Financière de Placement

Financière de Placement condamnée suite au licenciement pour insuffisance professionnelle

Il en résulte que si le salarié ne peut solliciter l’application de la convention collective Syntec ou celle de la convention collective nationale de la Bourse, il est en revanche fondé à se prévaloir de celle des entreprise de courtage d’assurance étendue par voie d’arrêté du 14 octobre 2002 applicable notamment aux employeurs compris dans la nomenclature INSEE sous le code NAF 67.2Z et inscrits au registre du commerce avec la mention « courtage d’assurances et/ou de réassurance ».

Financière de Placement
avis
Représentant salarié de droit commun

Financière de Placement contrat de travail de représentant salarié de droit commun

Financière de Placement Sas

46, Rue de la Victoire
75009 PARIS

La société Financière de Placement a pour activité le Placement de produits financiers et bancaires. Courtage d’assurances. Agence immobilière. Le démarchage financier et la diffusion de placements mobiliers.

Le contrat de travail :

Suivant contrat à durée indéterminée du 2 juin 2000, Mr CLB a été engagé par la société Financière de Placement en tant que représentant salarié de droit commun.

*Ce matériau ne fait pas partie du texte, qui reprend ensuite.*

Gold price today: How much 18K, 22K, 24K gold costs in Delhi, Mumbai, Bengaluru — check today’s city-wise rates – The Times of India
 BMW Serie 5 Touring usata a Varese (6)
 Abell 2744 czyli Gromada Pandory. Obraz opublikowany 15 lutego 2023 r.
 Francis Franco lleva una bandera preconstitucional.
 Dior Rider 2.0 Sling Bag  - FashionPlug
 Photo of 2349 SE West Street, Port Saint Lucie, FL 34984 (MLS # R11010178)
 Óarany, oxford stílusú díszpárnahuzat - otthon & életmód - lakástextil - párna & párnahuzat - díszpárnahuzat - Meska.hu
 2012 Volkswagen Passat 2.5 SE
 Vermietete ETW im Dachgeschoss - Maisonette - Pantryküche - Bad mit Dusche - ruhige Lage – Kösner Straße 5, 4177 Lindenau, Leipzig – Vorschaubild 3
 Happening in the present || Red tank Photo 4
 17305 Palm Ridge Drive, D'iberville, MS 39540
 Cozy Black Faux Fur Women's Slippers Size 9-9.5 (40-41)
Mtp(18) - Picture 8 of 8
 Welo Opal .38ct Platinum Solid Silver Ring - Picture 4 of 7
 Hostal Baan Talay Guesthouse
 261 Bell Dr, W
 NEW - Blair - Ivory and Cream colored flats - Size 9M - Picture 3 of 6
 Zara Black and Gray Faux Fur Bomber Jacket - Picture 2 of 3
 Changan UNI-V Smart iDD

Il était rémunéré par des commissions fixées selon un barème annexé au contrat, en fonction du produit vendu.

Après entretien préalable qui eut lieu le 23 septembre 2004, il a été licencié par lettre recommandée avec accusé de réception du 27 septembre 2004 et dispensé d’effectuer son préavis.

Financière de Placement
Prud’hommes

Action aux prud’hommes contre la Financière de Placement

Contestant son licenciement et l’exécution de son contrat de travail, le salarié a saisi le conseil de prud’hommes de Paris qui, statuant en formation de départage a :

  • débouté le salarié de toutes ses demandes,
  • rejeté celle de la société Financière de Placement sur le fondement de l’article 700 du code de procédure civile et condamné le demandeur aux dépens.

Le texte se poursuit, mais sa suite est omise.